== INSTRUCTIONS FOR THE TASK ==
Return exactly the lines below, starting with the one that has "Image showing applicable" and going on through the one that has "Fototapeta premium White".

Short descriptive text snippets:
=====
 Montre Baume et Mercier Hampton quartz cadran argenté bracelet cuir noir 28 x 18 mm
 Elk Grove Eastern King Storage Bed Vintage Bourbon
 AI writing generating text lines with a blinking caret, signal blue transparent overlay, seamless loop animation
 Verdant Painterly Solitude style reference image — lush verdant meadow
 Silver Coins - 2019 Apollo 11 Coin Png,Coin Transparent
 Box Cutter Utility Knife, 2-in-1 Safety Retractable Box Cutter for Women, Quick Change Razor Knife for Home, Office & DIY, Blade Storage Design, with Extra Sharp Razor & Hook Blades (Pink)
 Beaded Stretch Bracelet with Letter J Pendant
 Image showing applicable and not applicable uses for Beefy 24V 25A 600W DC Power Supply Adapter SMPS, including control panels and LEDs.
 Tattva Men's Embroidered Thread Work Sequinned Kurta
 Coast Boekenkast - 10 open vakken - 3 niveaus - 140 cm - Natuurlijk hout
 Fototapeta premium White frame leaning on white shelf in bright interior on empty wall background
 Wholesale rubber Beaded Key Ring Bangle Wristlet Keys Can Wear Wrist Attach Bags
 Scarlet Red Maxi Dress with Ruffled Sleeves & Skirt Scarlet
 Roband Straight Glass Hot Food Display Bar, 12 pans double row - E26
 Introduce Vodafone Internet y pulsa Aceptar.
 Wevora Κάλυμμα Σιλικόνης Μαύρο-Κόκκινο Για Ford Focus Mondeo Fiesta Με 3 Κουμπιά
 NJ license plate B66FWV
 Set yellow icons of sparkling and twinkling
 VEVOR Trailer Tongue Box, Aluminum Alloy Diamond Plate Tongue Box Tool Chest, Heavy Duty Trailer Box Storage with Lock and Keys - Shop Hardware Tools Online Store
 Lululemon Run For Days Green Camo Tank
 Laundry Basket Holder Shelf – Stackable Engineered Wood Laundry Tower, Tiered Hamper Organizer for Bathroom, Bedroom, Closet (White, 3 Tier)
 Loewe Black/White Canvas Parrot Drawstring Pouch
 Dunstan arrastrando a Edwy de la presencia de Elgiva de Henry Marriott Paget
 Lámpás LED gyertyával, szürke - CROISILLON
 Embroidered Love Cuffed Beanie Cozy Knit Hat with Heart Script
=====
== TASK RESPONSE ==
 Image showing applicable and not applicable uses for Beefy 24V 25A 600W DC Power Supply Adapter SMPS, including control panels and LEDs.
 Tattva Men's Embroidered Thread Work Sequinned Kurta
 Coast Boekenkast - 10 open vakken - 3 niveaus - 140 cm - Natuurlijk hout
 Fototapeta premium White frame leaning on white shelf in bright interior on empty wall background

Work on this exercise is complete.